Another example is Twitter, a person can follow another one. However, the other person doesn’t need to follow back.
Let’s see how that works in the example of Twitter:
Notice in the image above that Rafael follows James Gosling, Duke, John, and Bruno. However, James Gosling, Juggy, Duke, and John don’t follow Rafael back. Rafael follows Bruno and Bruno follows back Rafael. From the node of Rafael, it’s possible to traverse through the whole graph.
Also, notice that the graph above doesn’t have cycles. Therefore, it’s an acyclic graph.

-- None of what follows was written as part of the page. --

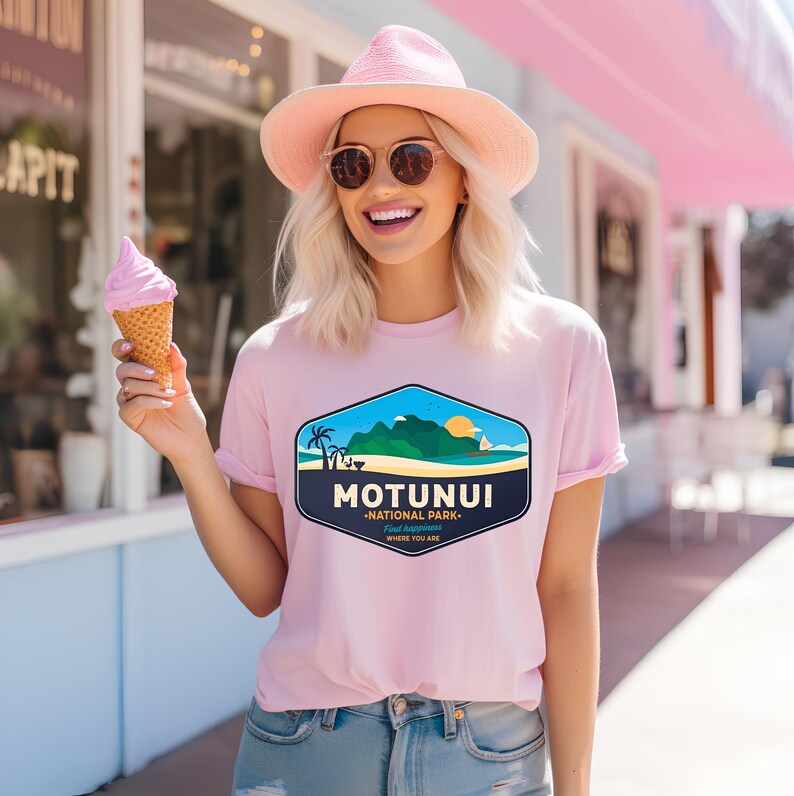 May include: A pale pink t-shirt featuring a tropical island graphic with palm trees, mountains, and a sailboat, and the text "MOTUNUI - NATIONAL PARK". The shirt is worn with a pink hat and sunglasses.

Let’s see how to represent the above graph in code:
public class DirectedGraph { public static void main(String[] args) { Node rafaelRootNode = new Node("Rafael"); Node brunoNode = new Node("Bruno"); Node jamesNode = new Node("James Gosling"); Node juggyNode = new Node("Juggy"); Node dukeNode = new Node("Duke"); Node johnNode = new Node("John"); rafaelRootNode.addAdjacentNode(brunoNode); brunoNode.addAdjacentNode(rafaelRootNode); rafaelRootNode.addAdjacentNode(jamesNode); rafaelRootNode.addAdjacentNode(johnNode); rafaelRootNode.addAdjacentNode(dukeNode); jamesNode.addAdjacentNode(juggyNode); rafaelRootNode.showNodes(); } }
Output:
Visited nodes: Rafael | Bruno | James Gosling | John | Duke | Juggy |
Acyclic and Cyclic Graph
A graph can be cyclic or not. This means that if there are edges connecting the graph in a cyclic way then we have a cyclic graph.

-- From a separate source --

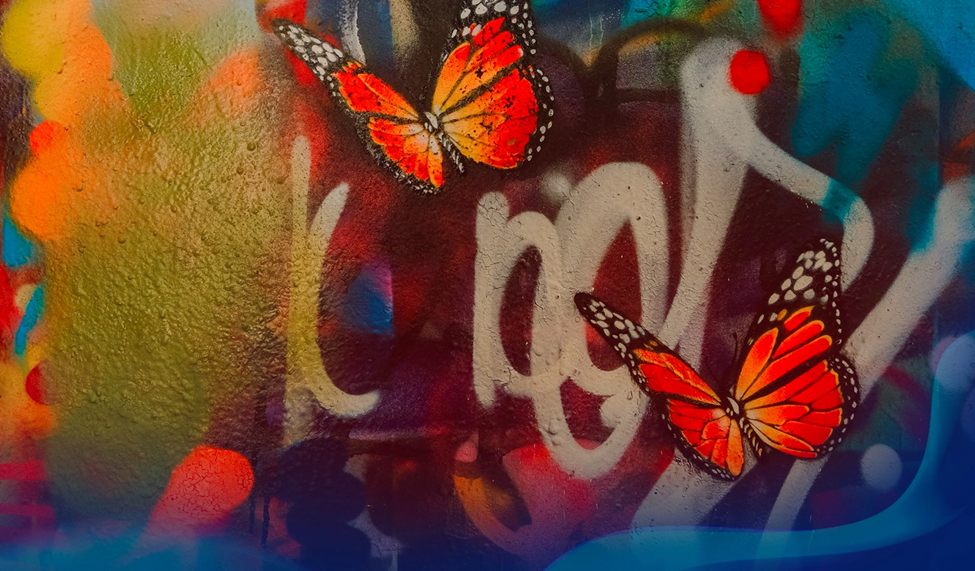 Two orange and black butterflies painted on a colorful graffiti wall with abstract shapes.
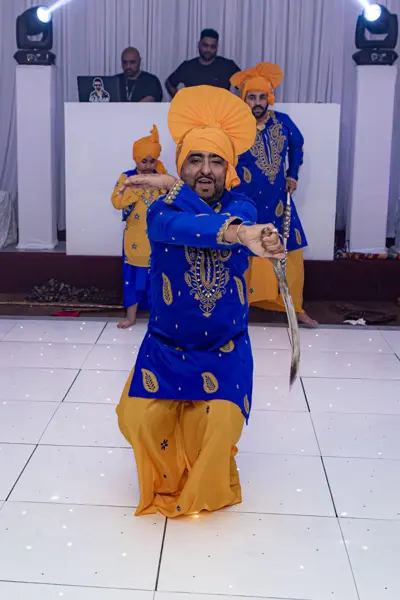 Bhangra dancer performing with a sword on the dance floor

Let’s see the representation from an acyclic graph:
Representing the above acyclic graph in Java code, it’s similar to the code example from the directed graph:
public class AcyclicGraph { public static void main(String[] args) { Node dukeRootNode = new Node("Duke"); Node mozillaNode = new Node("Mozilla"); Node mobyDockNode = new Node("Moby Dock"); Node juggyNode = new Node("Juggy"); dukeRootNode.addAdjacentNode(mozillaNode); dukeRootNode.addAdjacentNode(mobyDockNode); dukeRootNode.addAdjacentNode(juggyNode); dukeRootNode.showNodes(); } }
Output:
Visited nodes: Duke | Mozilla | Moby Dock | Juggy |
When traversing through a cyclic graph, it’s necessary to check if the node was already traversed. Otherwise, an infinite looping would happen. Let’s see how a cyclic graph can be represented in the following image:
public class CyclicGraph { public static void main(String[] args) { Node dukeNode = new Node("Duke"); Node mobyDockNode = new Node("Moby Dock"); Node juggyNode = new Node("Juggy"); dukeNode.addAdjacentNode(mobyDockNode); mobyDockNode.addAdjacentNode(juggyNode); juggyNode.addAdjacentNode(dukeNode); dukeNode.showNodes(); } }
Output:
Visited nodes: Duke | Moby Dock | Juggy |
Summary
The Graph data structure is highly important to be mastered by every software developer. It’s vastly used behind the scenes by frameworks, libraries, and technologies. That’s the reason why it’s vastly asked in many companies during interviews.
To recap, let’s see the important points:
- Graphs contain nodes (vertices) and connections (edges). Some real examples are friends connections from social media, and a vehicle going from one point to another.
- An adjacent or neighbor node is the direct relationship from one node to the other one.
- A graph can be directed, which means that one node can reach the other one but the other one can’t.
- A graph can be undirected, which means that the connection with another node will be bidirectional.
- A graph can be acyclic, meaning that there won’t be cycles between the nodes’ relationships.
- A graph can be cyclic, meaning that there will be cycles between the nodes’ relationships.